## Stored data:

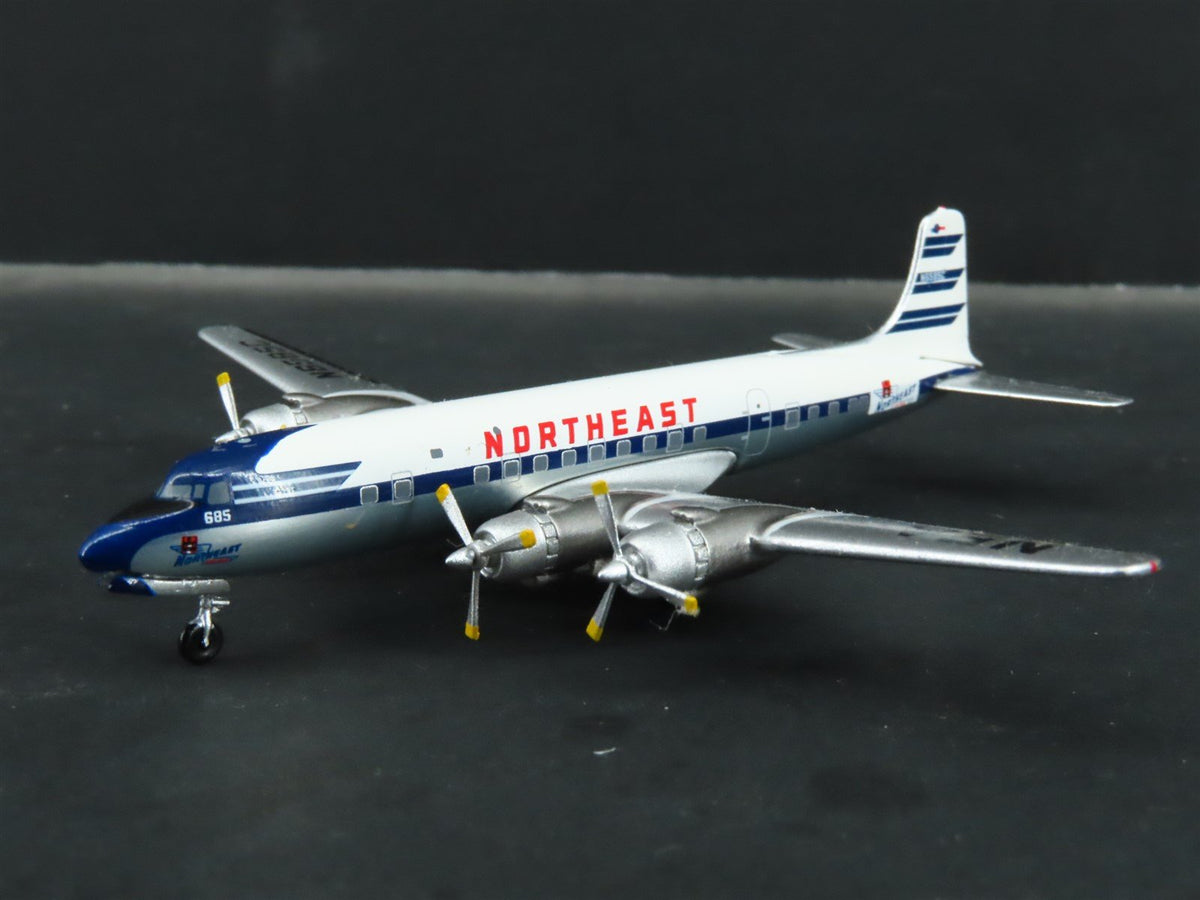 1:400 Aero Classics Die-Cast Northeast Sunliner McDonnell Douglas DC-6B Aircraft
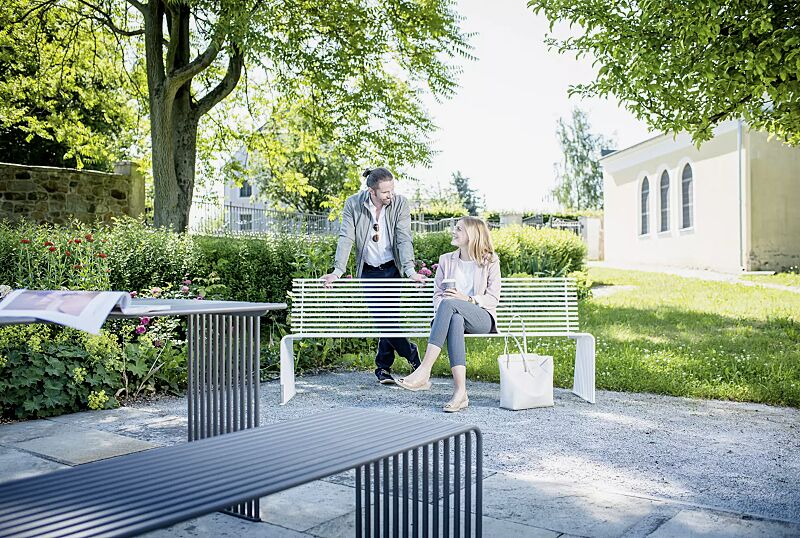 sitzbank-anzio__shoKAT0059628 Kollektion ANZIO bestehend aus Sitzbank, Sitz und Tisch, in eisenglimmergrau bzw. in RAL 9003 signalweiß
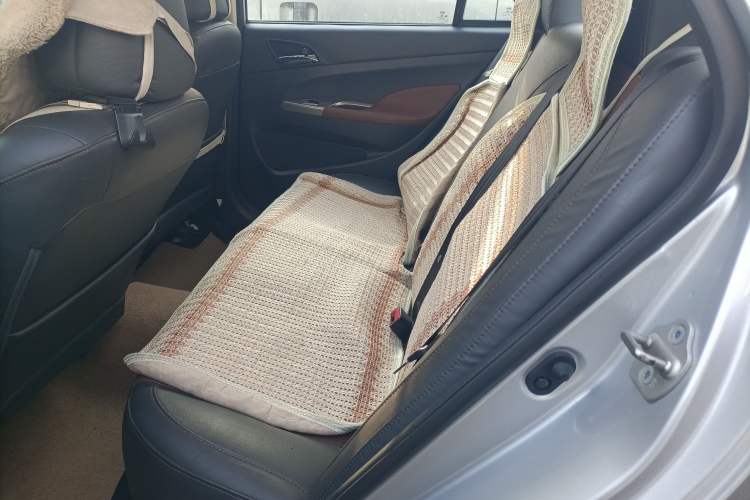 Used BYD F3 2015 Energy-Saving Edition 1.5L Manual Luxury Model
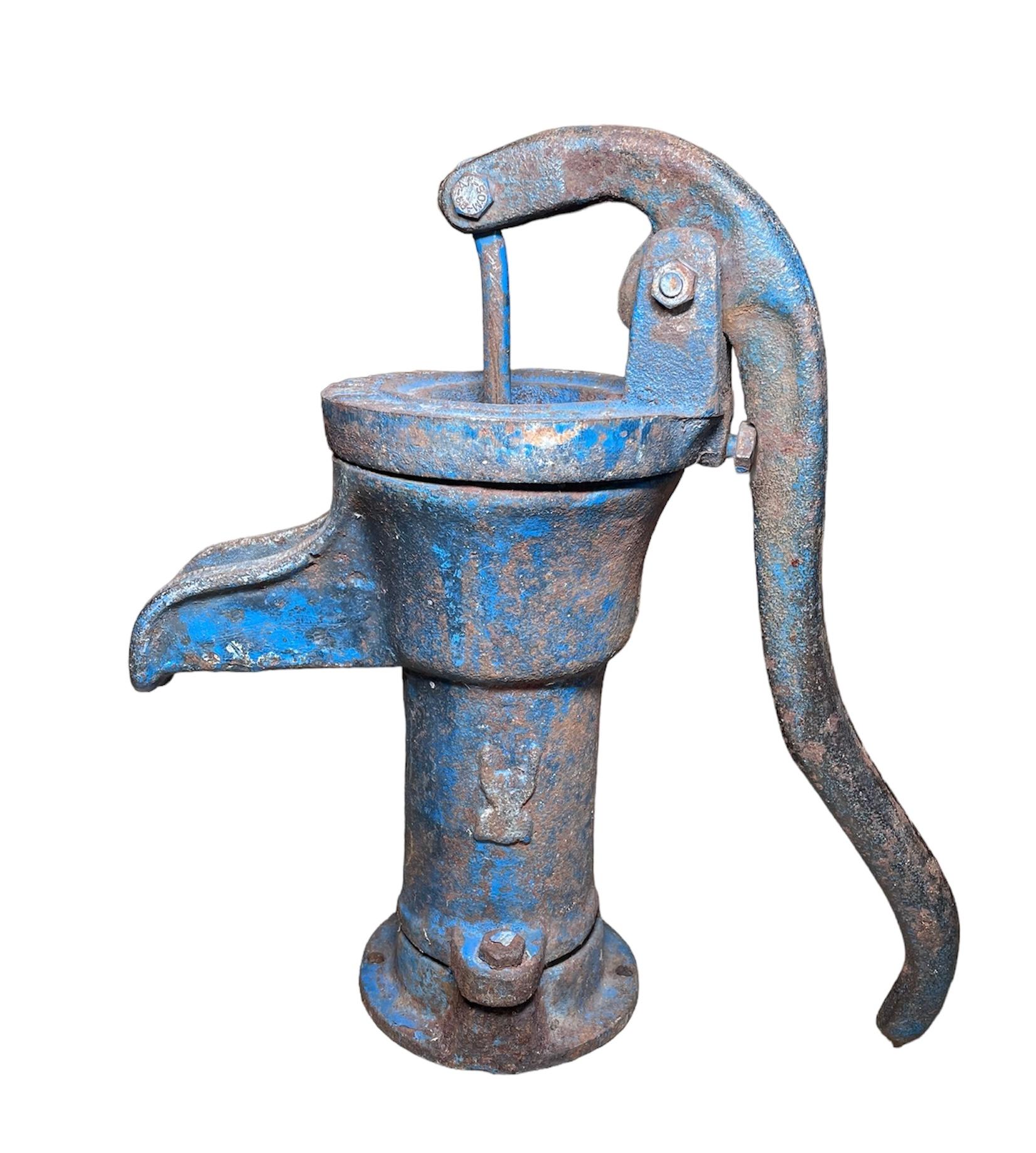 20th Century Cast Iron Hand Water Pump For Sale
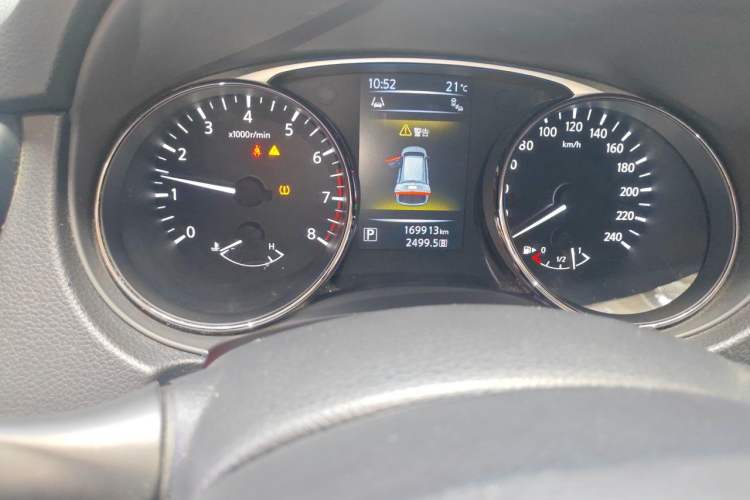 Used Nissan X-Trail 2014 2.5L CVT Luxury Edition 4WD Odometer Close Up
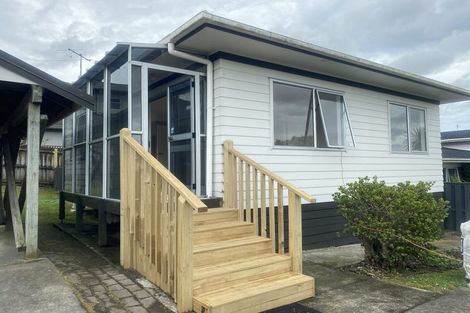 Photo of property in 72 Kirby Street, Glendene, Auckland, 0602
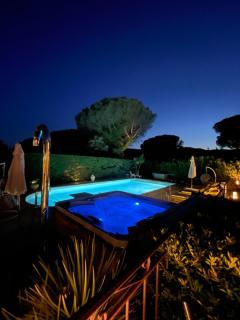 Villa provençale Golfe St Tropez climatisée piscine chauffée, Spa, billard, Wifi haut débit pro - Gassin - 6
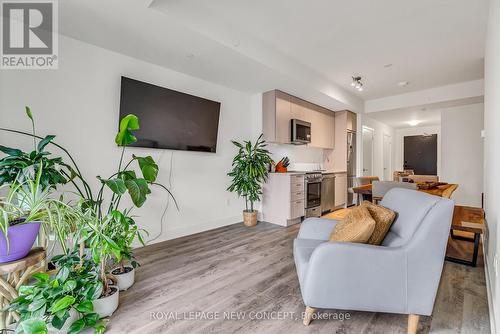 301 - 185 Deerfield Road, Newmarket (Central Newmarket), ON - Indoor Photo Showing Living Room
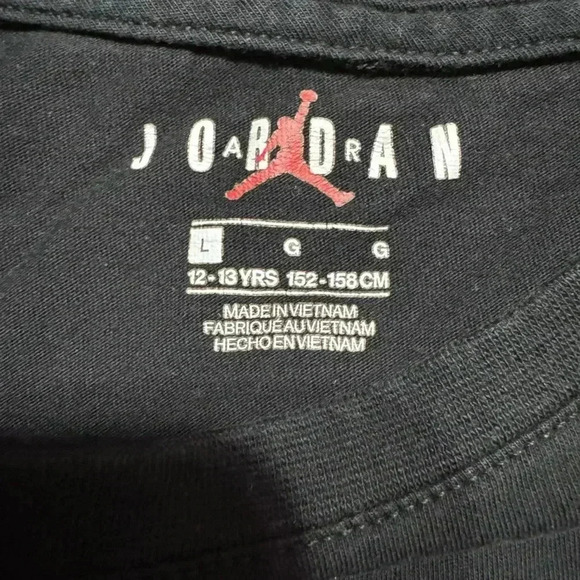 Nike T-Shirt - Picture 7 of 7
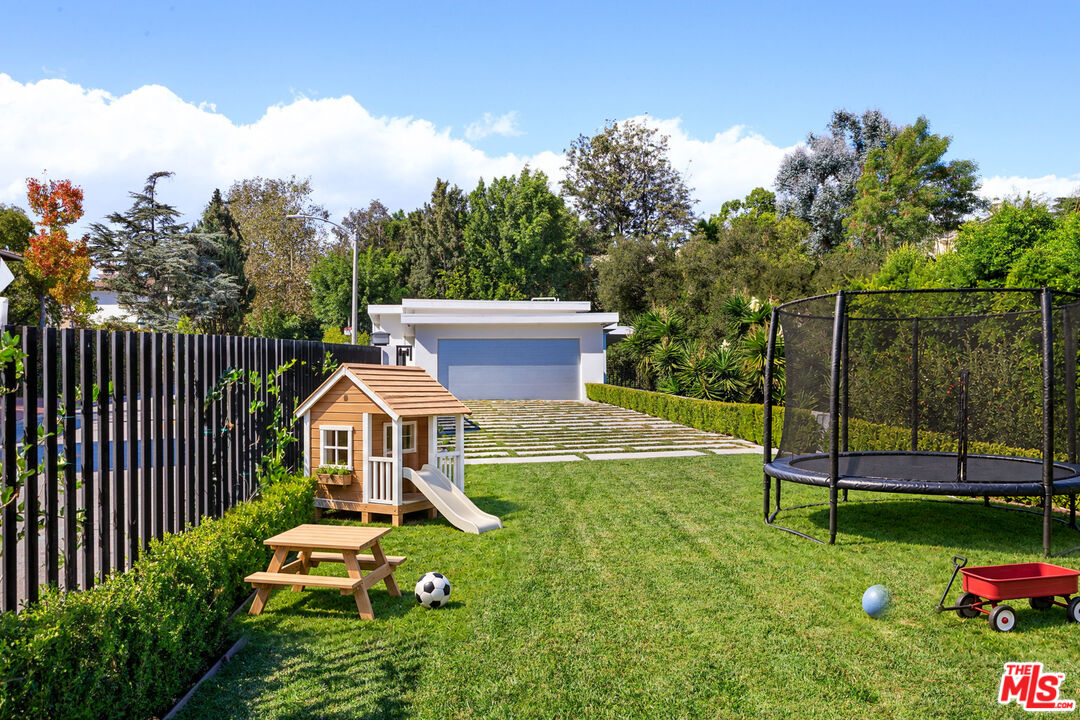 1124 Summit Dr
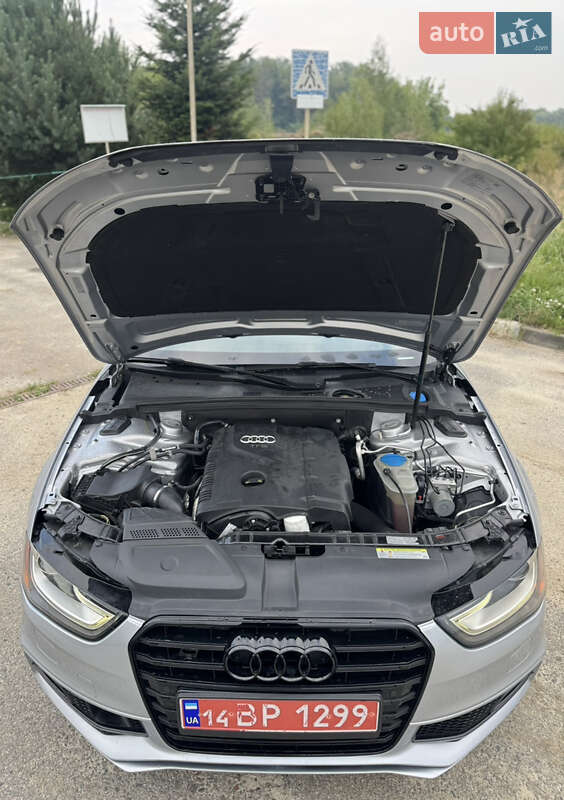 Седан Audi A4 2015 в Самборі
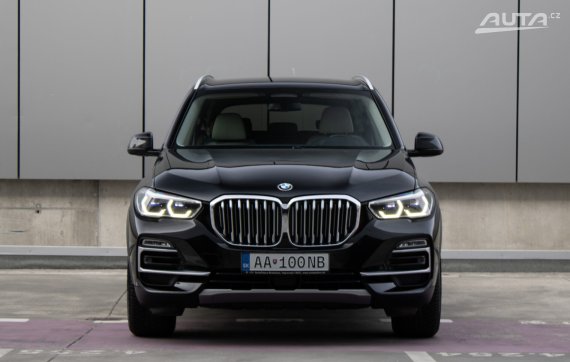 BMW X5 xDrive30d A/T, 195kW,A8 ZÁRUKA / AJ NA SPLÁTKY / PROTIÚČET 2019 černá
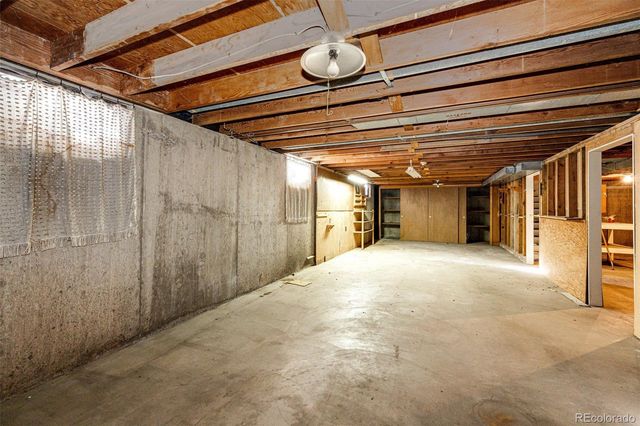 2301 S Saint Paul Street, Denver, CO 80210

## The problem:
A verbatim copy of every entry above, with no pictures, is the expected output.

## Completed exercise:
 1:400 Aero Classics Die-Cast Northeast Sunliner McDonnell Douglas DC-6B Aircraft
 sitzbank-anzio__shoKAT0059628 Kollektion ANZIO bestehend aus Sitzbank, Sitz und Tisch, in eisenglimmergrau bzw. in RAL 9003 signalweiß
 Used BYD F3 2015 Energy-Saving Edition 1.5L Manual Luxury Model
 20th Century Cast Iron Hand Water Pump For Sale
 Used Nissan X-Trail 2014 2.5L CVT Luxury Edition 4WD Odometer Close Up
 Photo of property in 72 Kirby Street, Glendene, Auckland, 0602
 Villa provençale Golfe St Tropez climatisée piscine chauffée, Spa, billard, Wifi haut débit pro - Gassin - 6
 301 - 185 Deerfield Road, Newmarket (Central Newmarket), ON - Indoor Photo Showing Living Room
 Nike T-Shirt - Picture 7 of 7
 1124 Summit Dr
 Седан Audi A4 2015 в Самборі
 BMW X5 xDrive30d A/T, 195kW,A8 ZÁRUKA / AJ NA SPLÁTKY / PROTIÚČET 2019 černá
 2301 S Saint Paul Street, Denver, CO 80210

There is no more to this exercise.